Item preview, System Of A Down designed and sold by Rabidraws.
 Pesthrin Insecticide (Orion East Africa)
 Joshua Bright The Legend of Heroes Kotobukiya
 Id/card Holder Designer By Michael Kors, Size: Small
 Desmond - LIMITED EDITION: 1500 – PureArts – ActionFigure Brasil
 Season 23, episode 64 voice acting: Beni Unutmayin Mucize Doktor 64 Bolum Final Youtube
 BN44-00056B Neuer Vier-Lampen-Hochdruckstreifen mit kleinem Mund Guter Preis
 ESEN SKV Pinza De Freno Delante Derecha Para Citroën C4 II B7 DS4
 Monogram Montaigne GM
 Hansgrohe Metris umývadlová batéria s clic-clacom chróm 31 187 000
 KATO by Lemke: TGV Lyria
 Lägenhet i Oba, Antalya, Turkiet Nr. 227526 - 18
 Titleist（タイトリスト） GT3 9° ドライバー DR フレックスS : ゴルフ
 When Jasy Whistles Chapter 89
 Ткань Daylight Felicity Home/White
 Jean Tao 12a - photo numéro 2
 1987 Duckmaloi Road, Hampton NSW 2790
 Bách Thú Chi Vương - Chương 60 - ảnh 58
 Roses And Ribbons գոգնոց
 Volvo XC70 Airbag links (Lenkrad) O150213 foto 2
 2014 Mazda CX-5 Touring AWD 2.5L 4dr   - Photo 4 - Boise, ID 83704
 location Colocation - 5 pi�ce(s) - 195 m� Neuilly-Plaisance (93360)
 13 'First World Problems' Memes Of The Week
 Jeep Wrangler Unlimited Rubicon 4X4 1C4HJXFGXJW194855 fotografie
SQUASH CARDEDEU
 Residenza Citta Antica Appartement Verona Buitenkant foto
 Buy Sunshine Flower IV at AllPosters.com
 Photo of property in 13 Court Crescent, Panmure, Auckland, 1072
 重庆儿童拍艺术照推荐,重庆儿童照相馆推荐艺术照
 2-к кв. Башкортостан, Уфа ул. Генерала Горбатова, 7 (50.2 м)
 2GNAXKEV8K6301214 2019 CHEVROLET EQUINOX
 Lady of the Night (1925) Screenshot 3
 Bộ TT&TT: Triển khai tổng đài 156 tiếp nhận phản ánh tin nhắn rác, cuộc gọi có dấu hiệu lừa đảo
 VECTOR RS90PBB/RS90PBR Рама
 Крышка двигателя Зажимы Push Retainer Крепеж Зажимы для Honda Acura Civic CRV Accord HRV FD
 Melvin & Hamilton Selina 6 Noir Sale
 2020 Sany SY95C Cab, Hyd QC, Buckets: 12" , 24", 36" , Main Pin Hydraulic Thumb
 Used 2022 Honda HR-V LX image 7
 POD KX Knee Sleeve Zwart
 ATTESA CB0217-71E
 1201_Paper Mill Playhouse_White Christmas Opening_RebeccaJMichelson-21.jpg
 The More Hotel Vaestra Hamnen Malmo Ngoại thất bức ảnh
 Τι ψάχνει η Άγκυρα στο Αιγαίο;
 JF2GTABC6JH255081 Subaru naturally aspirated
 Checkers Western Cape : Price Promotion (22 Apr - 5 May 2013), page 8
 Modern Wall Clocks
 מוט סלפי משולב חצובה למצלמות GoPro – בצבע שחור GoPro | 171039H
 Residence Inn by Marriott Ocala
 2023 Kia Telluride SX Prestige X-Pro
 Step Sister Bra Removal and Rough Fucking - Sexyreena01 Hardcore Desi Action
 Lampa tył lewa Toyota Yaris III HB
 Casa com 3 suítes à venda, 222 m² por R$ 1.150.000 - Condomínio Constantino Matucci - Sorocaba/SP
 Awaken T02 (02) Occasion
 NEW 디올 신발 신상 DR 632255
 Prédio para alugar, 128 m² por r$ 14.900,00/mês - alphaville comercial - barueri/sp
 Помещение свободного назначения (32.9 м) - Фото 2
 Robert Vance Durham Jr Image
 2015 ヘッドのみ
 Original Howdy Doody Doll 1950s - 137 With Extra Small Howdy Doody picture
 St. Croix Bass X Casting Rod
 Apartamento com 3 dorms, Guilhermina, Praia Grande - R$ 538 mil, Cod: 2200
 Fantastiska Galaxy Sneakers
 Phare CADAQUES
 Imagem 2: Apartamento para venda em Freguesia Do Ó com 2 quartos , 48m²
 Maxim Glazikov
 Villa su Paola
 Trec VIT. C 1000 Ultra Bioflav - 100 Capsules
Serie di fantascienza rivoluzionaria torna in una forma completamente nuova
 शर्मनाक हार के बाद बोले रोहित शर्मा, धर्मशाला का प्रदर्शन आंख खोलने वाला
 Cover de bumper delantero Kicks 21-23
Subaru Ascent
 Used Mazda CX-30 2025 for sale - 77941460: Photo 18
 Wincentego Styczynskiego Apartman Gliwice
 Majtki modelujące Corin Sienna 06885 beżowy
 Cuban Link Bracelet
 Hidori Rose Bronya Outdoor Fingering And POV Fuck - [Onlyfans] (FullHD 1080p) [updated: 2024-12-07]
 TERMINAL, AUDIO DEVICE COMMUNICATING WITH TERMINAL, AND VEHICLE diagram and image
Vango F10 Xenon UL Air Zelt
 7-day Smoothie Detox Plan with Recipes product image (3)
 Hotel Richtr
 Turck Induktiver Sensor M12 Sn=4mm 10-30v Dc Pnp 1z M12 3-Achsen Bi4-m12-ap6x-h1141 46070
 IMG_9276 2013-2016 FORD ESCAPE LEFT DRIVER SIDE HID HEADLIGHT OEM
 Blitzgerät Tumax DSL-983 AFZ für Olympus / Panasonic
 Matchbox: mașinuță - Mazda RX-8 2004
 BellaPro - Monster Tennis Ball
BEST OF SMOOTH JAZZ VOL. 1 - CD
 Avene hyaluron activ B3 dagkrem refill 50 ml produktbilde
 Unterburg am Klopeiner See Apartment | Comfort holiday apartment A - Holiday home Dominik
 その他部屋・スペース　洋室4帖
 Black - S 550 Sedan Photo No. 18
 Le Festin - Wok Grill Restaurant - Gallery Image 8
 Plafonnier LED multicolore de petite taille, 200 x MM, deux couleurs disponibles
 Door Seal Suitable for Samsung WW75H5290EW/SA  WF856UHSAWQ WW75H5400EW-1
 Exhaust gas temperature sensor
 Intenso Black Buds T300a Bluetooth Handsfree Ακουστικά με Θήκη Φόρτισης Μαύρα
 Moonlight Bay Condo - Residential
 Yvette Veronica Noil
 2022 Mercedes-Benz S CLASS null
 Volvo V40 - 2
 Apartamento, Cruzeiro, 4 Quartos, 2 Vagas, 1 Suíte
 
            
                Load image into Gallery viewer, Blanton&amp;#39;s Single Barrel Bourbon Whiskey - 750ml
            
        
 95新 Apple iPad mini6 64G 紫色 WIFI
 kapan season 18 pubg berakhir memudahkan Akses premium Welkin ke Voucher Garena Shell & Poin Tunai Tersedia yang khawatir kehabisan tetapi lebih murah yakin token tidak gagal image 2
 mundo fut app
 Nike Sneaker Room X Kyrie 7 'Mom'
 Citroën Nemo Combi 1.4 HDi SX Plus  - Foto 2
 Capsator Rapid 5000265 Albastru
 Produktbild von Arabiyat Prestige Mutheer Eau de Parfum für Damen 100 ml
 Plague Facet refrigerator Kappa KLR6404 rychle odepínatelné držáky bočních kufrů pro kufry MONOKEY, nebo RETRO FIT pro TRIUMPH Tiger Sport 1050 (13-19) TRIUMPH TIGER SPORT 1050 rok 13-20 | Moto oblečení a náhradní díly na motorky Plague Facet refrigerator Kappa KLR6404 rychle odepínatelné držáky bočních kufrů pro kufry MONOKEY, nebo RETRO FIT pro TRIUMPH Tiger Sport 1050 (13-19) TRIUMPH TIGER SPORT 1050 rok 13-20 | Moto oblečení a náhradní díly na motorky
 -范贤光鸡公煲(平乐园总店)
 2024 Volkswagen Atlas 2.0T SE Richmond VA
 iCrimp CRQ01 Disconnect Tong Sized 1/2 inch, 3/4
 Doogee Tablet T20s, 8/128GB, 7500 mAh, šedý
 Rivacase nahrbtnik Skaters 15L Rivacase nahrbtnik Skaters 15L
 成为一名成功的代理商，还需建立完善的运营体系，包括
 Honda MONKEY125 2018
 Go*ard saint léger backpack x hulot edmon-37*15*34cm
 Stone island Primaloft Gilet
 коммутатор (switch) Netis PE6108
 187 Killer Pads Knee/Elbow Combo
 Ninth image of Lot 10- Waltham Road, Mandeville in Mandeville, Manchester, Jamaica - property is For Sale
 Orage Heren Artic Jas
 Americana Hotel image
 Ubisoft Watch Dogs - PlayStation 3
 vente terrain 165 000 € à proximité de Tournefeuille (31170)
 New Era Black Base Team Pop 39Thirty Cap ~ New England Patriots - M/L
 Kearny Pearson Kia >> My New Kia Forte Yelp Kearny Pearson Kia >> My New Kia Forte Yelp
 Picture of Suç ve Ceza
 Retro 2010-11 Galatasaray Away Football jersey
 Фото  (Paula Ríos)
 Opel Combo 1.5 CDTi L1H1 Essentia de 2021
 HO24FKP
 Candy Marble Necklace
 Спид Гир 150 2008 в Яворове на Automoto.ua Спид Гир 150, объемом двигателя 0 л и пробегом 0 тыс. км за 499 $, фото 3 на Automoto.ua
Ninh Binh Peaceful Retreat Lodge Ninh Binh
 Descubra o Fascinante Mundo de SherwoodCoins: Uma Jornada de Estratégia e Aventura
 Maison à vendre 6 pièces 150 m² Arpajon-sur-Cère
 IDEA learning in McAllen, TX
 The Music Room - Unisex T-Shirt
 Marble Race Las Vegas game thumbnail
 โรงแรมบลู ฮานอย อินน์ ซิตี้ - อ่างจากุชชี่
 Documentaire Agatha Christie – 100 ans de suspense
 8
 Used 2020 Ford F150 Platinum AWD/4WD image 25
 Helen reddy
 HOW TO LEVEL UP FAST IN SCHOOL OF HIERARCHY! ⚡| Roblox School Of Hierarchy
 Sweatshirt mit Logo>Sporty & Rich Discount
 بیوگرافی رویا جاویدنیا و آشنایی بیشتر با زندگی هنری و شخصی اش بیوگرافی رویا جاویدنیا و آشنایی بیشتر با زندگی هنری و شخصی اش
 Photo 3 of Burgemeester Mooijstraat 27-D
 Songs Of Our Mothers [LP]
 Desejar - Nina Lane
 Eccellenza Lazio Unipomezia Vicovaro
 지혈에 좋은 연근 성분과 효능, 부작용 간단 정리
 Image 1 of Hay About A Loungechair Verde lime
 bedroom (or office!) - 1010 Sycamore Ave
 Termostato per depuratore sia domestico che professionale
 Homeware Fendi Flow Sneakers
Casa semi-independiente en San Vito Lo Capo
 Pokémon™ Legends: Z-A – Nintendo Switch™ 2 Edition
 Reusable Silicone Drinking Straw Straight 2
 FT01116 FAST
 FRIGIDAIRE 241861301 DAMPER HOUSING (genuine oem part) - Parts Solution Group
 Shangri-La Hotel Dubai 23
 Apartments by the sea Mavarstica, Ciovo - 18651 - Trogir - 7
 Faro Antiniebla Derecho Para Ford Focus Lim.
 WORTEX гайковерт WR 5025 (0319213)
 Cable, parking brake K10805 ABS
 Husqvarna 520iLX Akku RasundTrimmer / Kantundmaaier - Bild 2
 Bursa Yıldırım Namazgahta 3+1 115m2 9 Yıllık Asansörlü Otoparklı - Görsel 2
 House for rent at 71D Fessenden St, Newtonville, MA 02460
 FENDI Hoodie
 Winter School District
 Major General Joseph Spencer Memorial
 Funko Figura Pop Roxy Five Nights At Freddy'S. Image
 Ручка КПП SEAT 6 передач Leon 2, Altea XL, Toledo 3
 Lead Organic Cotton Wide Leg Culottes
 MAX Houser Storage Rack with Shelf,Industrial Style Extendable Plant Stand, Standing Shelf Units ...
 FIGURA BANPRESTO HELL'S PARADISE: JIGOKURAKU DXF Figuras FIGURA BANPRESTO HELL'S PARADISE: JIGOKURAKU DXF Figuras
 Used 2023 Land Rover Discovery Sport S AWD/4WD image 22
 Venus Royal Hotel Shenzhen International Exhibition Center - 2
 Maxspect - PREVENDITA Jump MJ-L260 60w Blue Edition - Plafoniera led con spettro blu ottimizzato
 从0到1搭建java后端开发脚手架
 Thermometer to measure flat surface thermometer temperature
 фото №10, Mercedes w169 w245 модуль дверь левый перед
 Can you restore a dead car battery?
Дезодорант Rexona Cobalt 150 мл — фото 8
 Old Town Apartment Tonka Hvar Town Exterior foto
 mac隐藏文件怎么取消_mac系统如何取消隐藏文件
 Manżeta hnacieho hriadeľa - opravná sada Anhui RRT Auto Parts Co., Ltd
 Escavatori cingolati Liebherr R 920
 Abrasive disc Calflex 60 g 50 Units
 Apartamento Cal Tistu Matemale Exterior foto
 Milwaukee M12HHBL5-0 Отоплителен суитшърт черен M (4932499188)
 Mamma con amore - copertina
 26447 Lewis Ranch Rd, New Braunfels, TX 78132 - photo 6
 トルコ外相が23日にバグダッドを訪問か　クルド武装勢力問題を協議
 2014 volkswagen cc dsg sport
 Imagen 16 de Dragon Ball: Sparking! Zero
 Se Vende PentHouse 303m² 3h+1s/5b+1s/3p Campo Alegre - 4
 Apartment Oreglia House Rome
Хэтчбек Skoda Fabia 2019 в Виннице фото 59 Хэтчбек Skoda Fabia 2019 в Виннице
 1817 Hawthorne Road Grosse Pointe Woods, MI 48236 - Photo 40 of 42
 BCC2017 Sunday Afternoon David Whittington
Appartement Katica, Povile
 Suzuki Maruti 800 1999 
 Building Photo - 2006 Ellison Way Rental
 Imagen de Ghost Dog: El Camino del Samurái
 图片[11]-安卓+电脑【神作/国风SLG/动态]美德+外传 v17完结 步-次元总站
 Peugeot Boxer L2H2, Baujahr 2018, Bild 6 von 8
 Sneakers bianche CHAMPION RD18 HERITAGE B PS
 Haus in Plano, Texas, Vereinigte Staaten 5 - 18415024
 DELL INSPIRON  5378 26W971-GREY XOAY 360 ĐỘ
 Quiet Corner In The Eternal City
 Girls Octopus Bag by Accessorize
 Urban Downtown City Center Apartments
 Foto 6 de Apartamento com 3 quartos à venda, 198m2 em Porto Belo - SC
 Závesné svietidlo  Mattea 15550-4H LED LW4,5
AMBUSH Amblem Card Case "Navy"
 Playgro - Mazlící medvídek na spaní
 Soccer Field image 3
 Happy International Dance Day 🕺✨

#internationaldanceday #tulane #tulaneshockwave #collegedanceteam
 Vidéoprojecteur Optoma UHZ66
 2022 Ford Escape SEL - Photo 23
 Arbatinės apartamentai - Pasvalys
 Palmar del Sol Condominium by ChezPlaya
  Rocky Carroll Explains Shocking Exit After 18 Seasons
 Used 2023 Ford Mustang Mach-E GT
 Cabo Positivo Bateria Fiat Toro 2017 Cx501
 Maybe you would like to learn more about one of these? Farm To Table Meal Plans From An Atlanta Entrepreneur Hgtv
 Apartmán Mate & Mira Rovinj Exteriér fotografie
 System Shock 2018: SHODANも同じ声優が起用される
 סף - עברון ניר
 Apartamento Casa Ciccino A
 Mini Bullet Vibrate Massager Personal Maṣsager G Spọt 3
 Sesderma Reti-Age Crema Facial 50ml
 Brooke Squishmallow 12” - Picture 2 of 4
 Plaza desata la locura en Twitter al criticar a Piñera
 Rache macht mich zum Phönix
○ ○ ○ ○ ○ ○ ○
Above this instruction are the records; retype exactly the lines from the one containing "Vidéoprojecteur Optoma UHZ66" up to and including the one containing "Cabo Positivo Bateria Fiat Toro 2017 Cx501".

 Vidéoprojecteur Optoma UHZ66
 2022 Ford Escape SEL - Photo 23
 Arbatinės apartamentai - Pasvalys
 Palmar del Sol Condominium by ChezPlaya
  Rocky Carroll Explains Shocking Exit After 18 Seasons
 Used 2023 Ford Mustang Mach-E GT
 Cabo Positivo Bateria Fiat Toro 2017 Cx501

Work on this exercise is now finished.